I know I surprised people three years ago with this commitment to a fair dinkum paid parental leave scheme, but serious people do have the capacity to grow and I am pleased to say that I understand this issue much better now than I did a decade ago. I have learned from watching the example of good leaders—people like Bob Hawke as well as John Howard, who made the transition from tribal chief to national leader. I understand that a Prime Minister should never set out to deliberately divide one Australian from another, as we have seen in this current parliament. A Prime Minister should never think that he or she is somehow bigger than the party or the country. Prime ministers must always be the servants of their party and, above all else, the servants of their country.

Finally, should there be a change of government on 14 September, this parliament must be a better place. There has been too much venom and too many baseless accusations of bad faith—and I suspect we might even have a few in a few moments. We are better than that, and I hope to have a chance to demonstrate that we are better than that. After 14 September I am confident that the people of Australia will be able to have more pride in their parliament.

So in summary:

Tony Abbott’s team is ready for the job.

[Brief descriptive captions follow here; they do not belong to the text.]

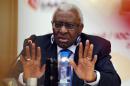 Then International Association of Athletics Federations (IAAF) president Lamine Diack speaks during a press conference in Beijing on August 21, 2015 ahead of the 2015 IAAF World Championships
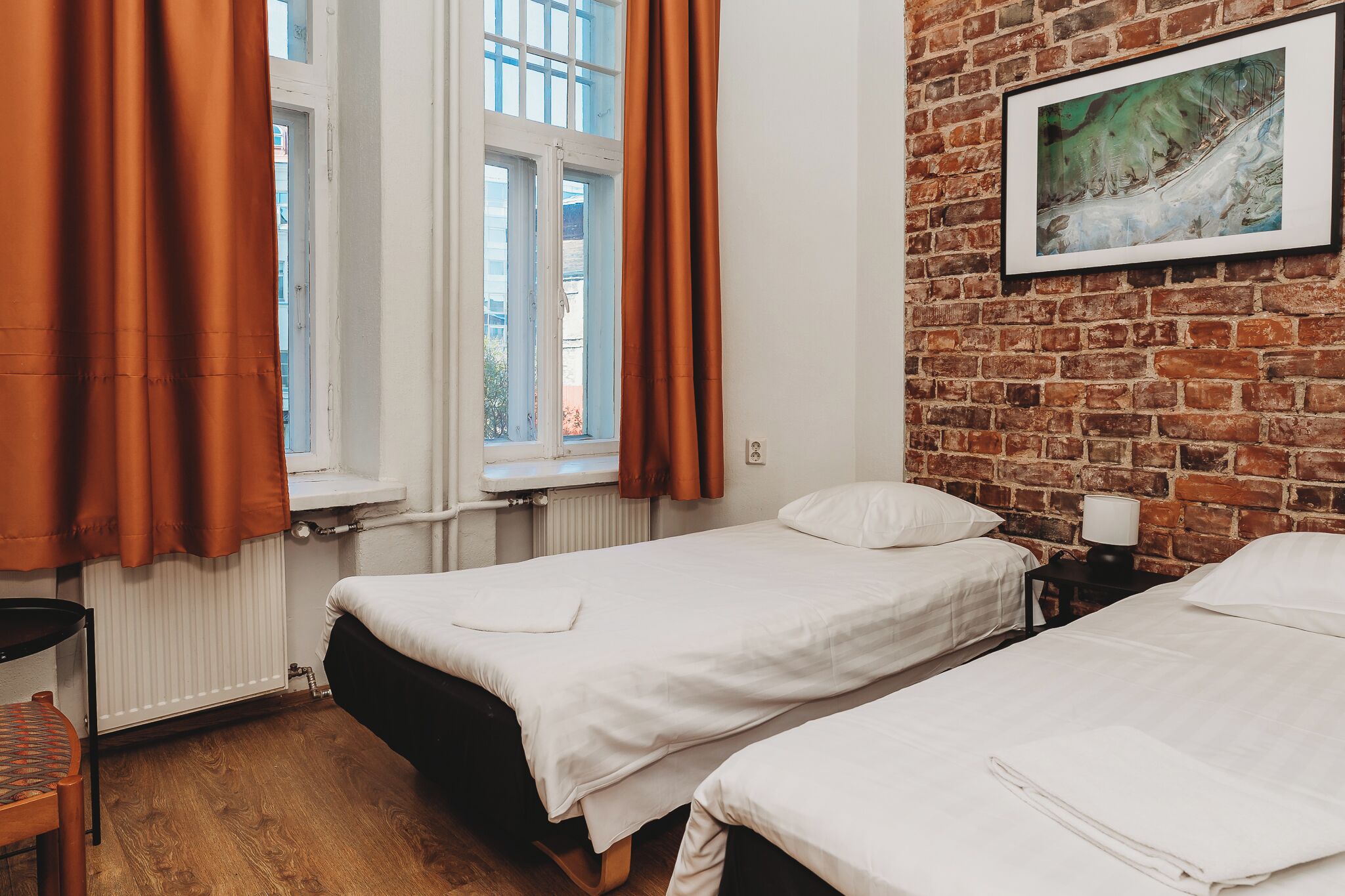 A room with two beds, a brick wall, a window with curtains, a radiator, and a framed picture on the wall.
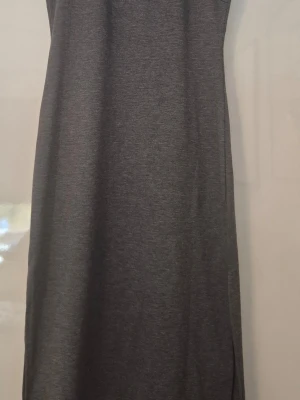Grå långklänning i bomull - En enkel och stilren grå långklänning i mjukt bomullsmaterial. Klänningen har en rak passform och är ärmlös, perfekt för en avslappnad och bekväm look. Passar till många olika tillfällen och är lätt att matcha med accessoarer.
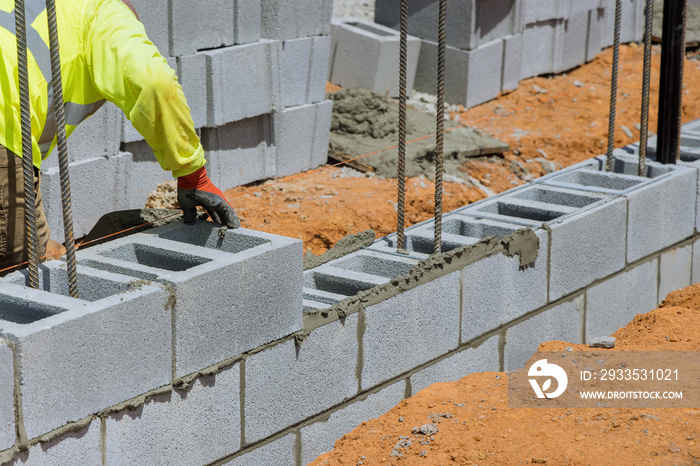 As a mason man is mounting a wall of aerated concrete blocks, he was laying for the wall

They do not need to learn anything.

Tony Abbott will be abolishing the carbon tax and the mining tax.

He will cut red tape.

He will boost productivity

He will deliver hope, reward and opportunity.

He will relieve the pressure on families.

He will deliver justice for the women of our country.

He is now a conservationist.

He will have “green army 15,000 strong marching to the help of our degraded land and waterways”.

He “will give our country the workforce it needs if our remnant bushland is to survive and if our creeks are to run clean”.

He will spend a week a year as a volunteer in a remote Indigenous community.

He will craft an Indigenous recognition amendment.

He will make Parliament a better place.

And of course, he will stop the boats.

Let us see if those matters which were of such public importance to Tony Abbott on 18 June are still important from this day forward.